Your goal:
Only the pictures are to be dropped; the rest of the data below is to be duplicated exactly.

Excerpted records:
□ □ □ □ □ □ □

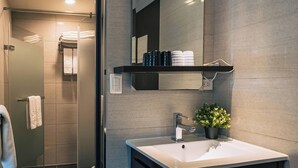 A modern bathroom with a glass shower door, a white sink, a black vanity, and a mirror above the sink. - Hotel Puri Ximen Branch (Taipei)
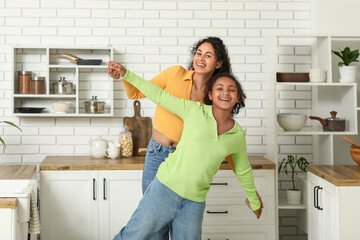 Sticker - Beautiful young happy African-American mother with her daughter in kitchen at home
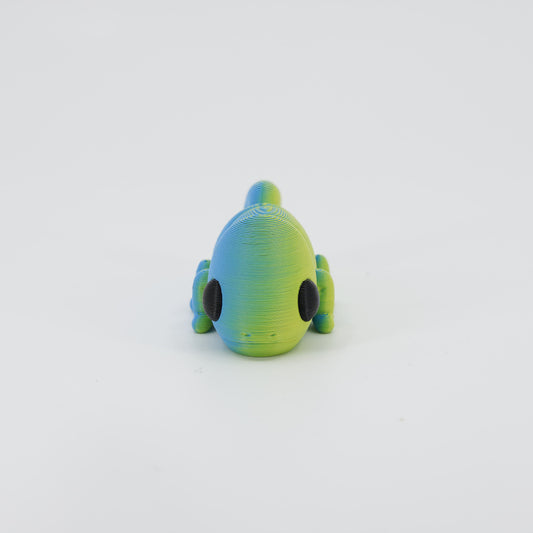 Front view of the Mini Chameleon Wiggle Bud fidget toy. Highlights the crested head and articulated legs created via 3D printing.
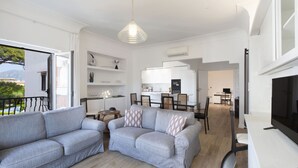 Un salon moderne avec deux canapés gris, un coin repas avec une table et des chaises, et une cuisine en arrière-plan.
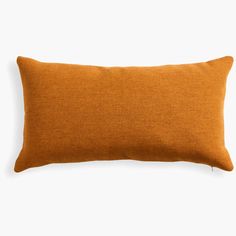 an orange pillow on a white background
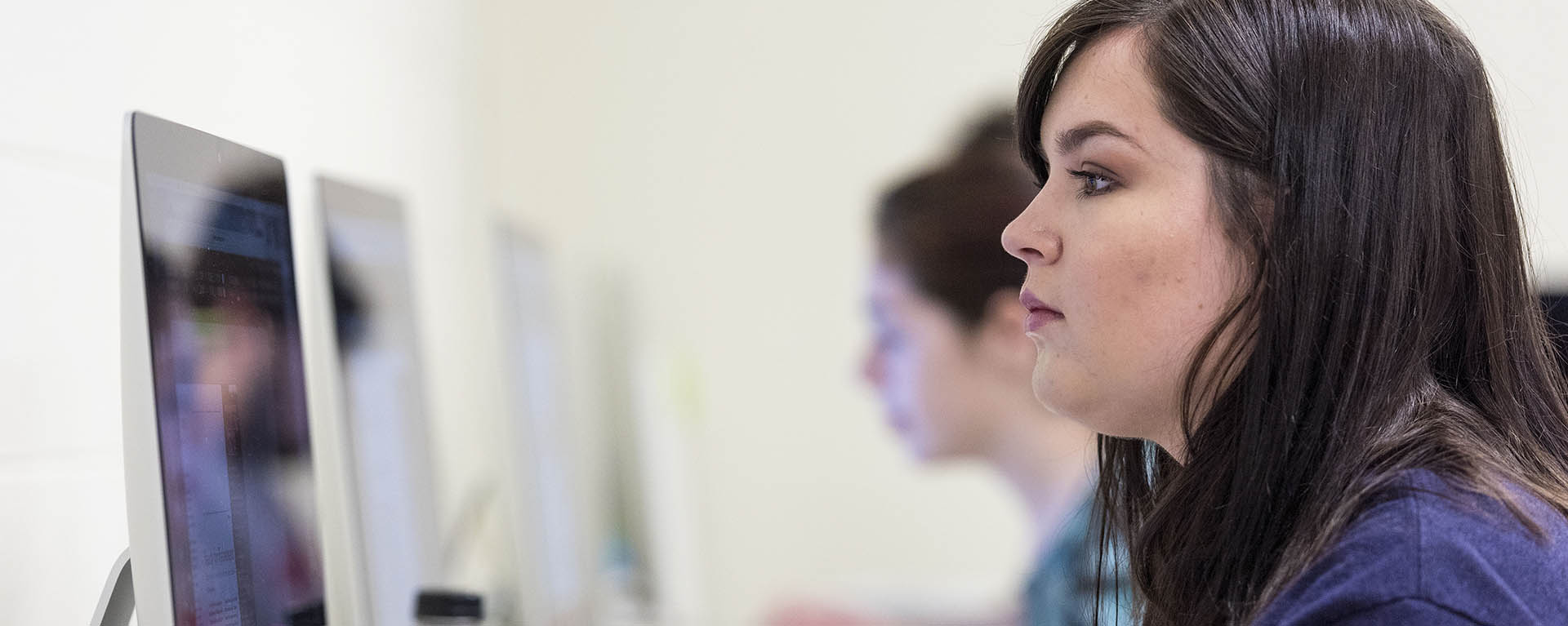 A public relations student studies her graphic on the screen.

□ □ □ □ □ □ □

Solution for this problem:
 A modern bathroom with a glass shower door, a white sink, a black vanity, and a mirror above the sink. - Hotel Puri Ximen Branch (Taipei)
 Sticker - Beautiful young happy African-American mother with her daughter in kitchen at home
 Front view of the Mini Chameleon Wiggle Bud fidget toy. Highlights the crested head and articulated legs created via 3D printing.
 Un salon moderne avec deux canapés gris, un coin repas avec une table et des chaises, et une cuisine en arrière-plan.
 an orange pillow on a white background
 A public relations student studies her graphic on the screen.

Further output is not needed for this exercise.